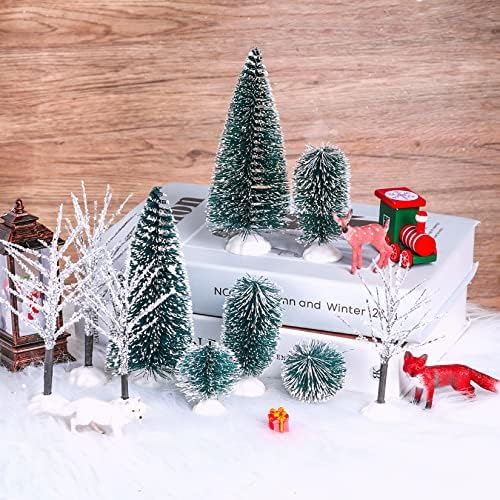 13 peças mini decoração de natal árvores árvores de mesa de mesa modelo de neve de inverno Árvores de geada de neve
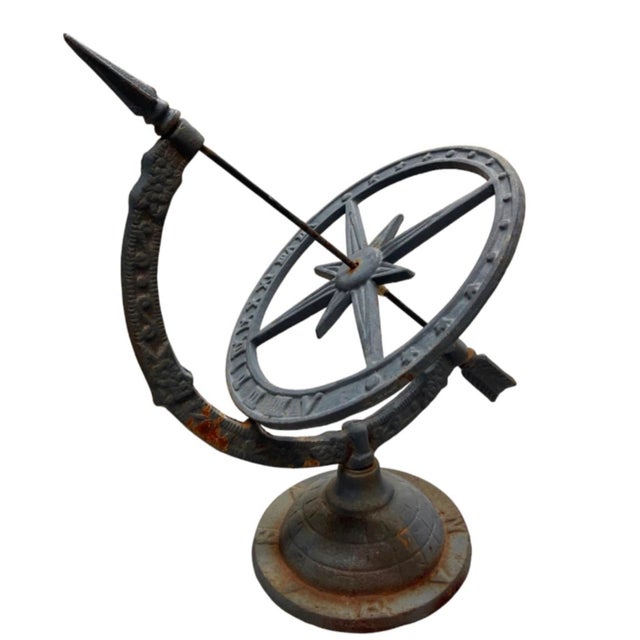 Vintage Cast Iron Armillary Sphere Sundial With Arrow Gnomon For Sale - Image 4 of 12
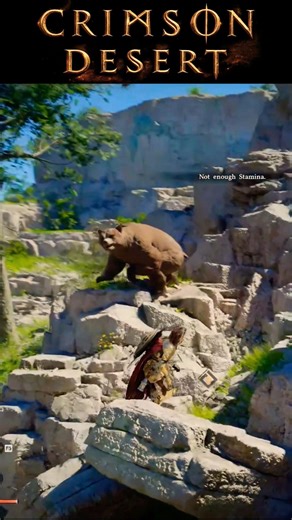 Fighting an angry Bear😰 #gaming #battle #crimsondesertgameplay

------------------------------

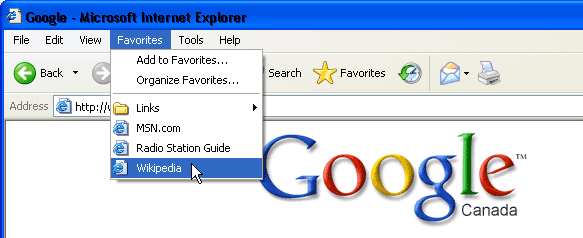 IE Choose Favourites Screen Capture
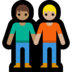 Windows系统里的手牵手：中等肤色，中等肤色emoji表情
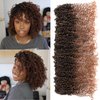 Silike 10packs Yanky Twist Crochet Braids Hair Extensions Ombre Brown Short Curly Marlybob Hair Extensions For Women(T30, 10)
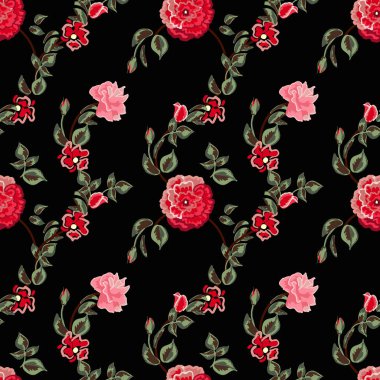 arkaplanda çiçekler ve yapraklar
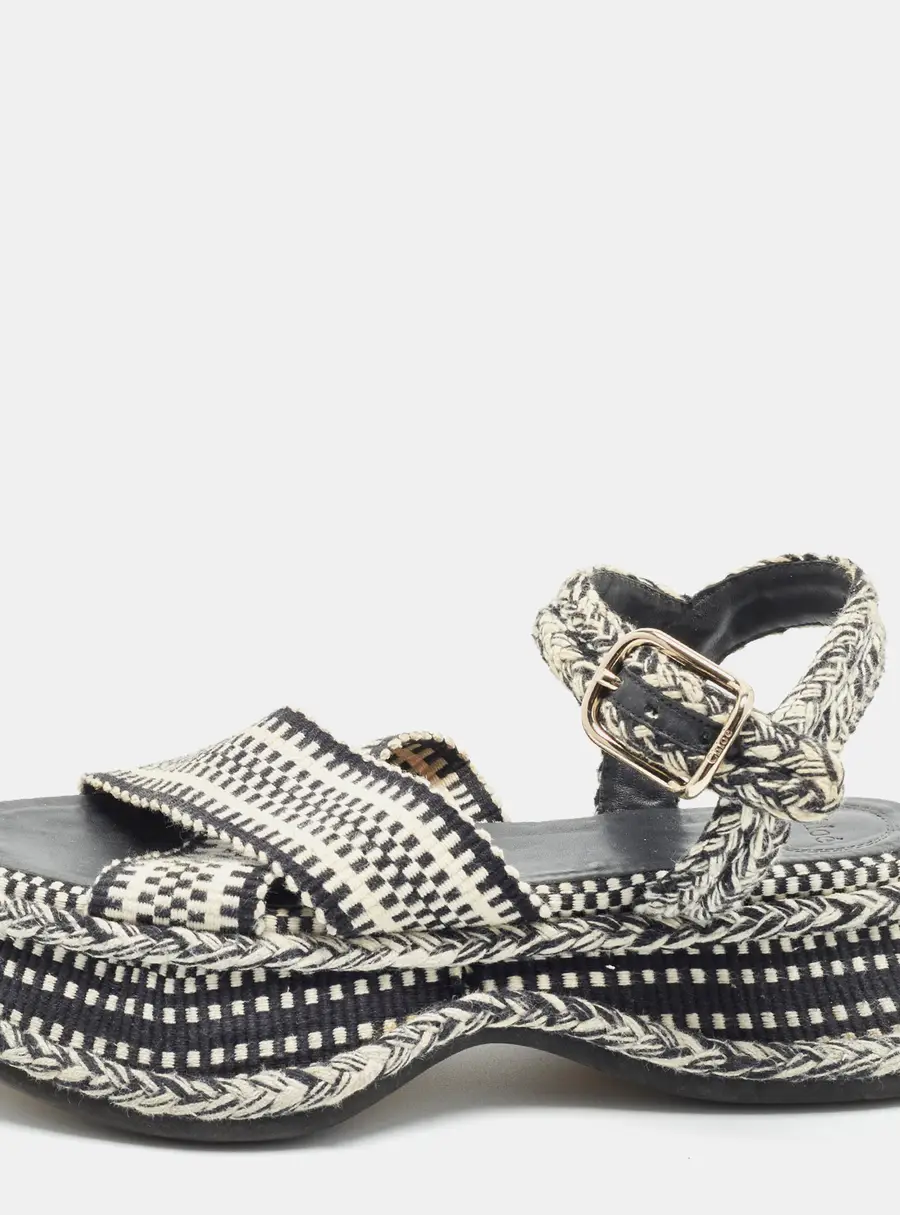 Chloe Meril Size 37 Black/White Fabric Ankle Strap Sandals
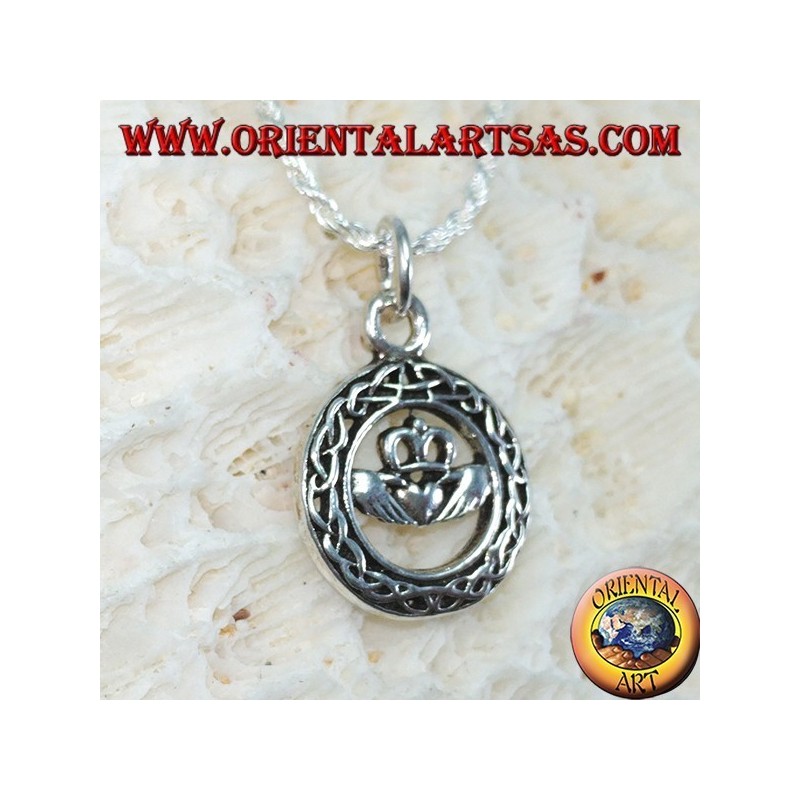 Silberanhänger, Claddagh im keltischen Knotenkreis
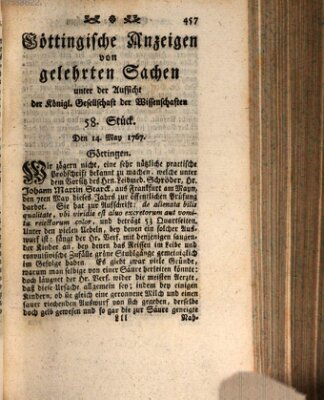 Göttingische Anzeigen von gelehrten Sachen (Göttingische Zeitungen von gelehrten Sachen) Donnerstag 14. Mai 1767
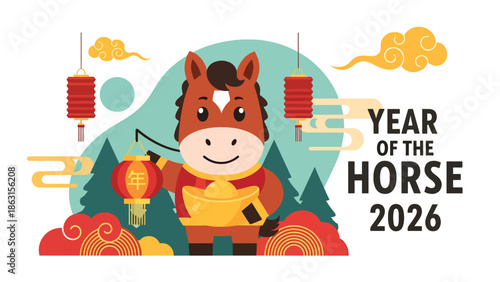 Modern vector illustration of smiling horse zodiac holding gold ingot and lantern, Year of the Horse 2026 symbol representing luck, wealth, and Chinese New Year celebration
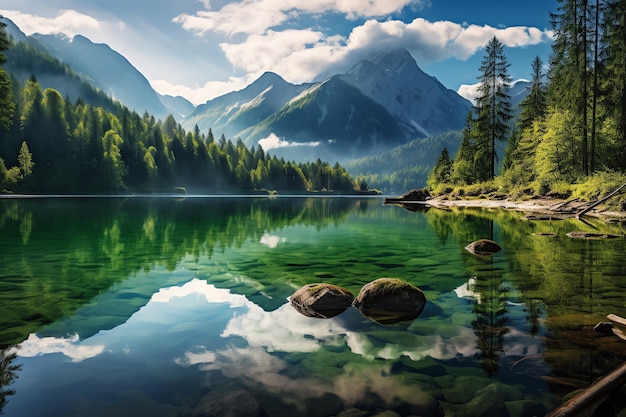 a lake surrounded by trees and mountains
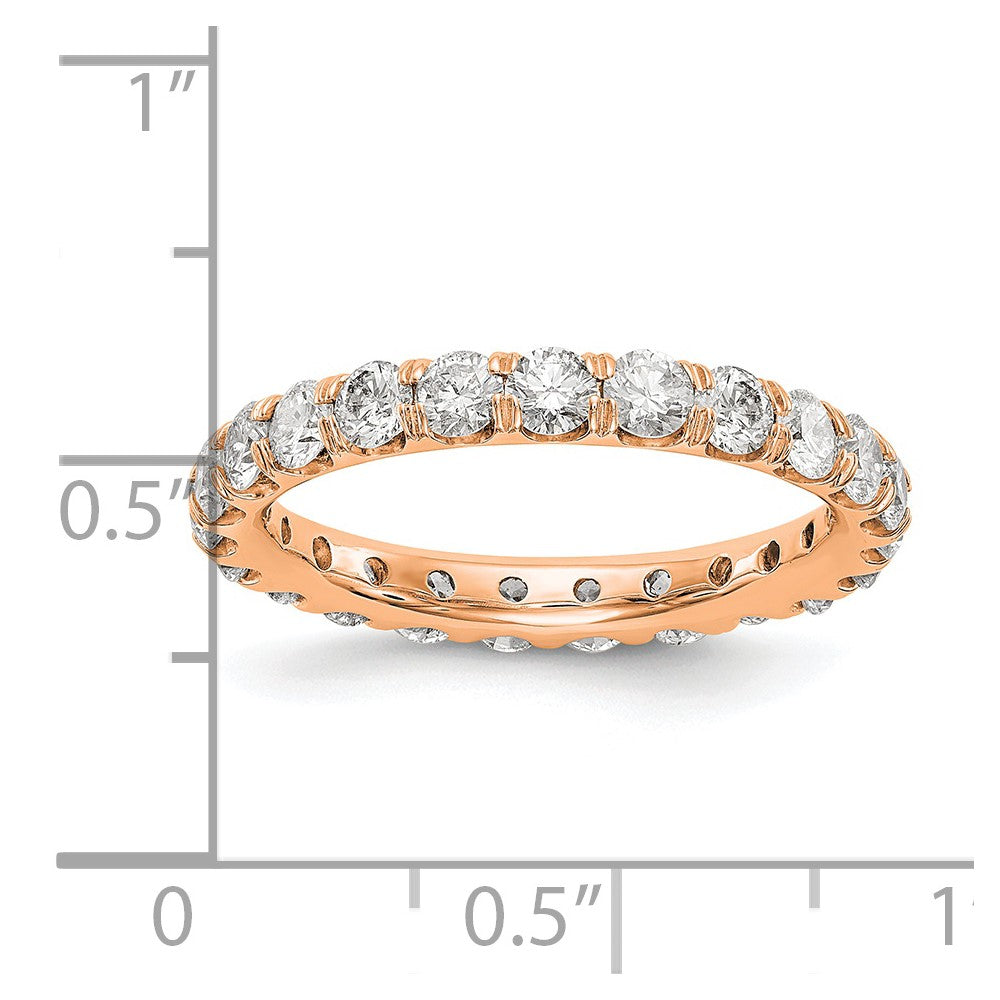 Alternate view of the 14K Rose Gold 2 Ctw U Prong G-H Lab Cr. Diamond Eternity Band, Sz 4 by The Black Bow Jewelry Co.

------------------------------

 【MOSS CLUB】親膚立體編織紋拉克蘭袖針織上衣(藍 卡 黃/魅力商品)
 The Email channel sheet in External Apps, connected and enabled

------------------------------

■ What you need to do
With the pictures removed, print only the lines starting at the line that has "arkaplanda çiçekler ve yapraklar" and ending at the line that has "Göttingische Anzeigen von", both ends included, exactly as they stand above.

■ Reply
 arkaplanda çiçekler ve yapraklar
 Chloe Meril Size 37 Black/White Fabric Ankle Strap Sandals
 Silberanhänger, Claddagh im keltischen Knotenkreis
 Göttingische Anzeigen von gelehrten Sachen (Göttingische Zeitungen von gelehrten Sachen) Donnerstag 14. Mai 1767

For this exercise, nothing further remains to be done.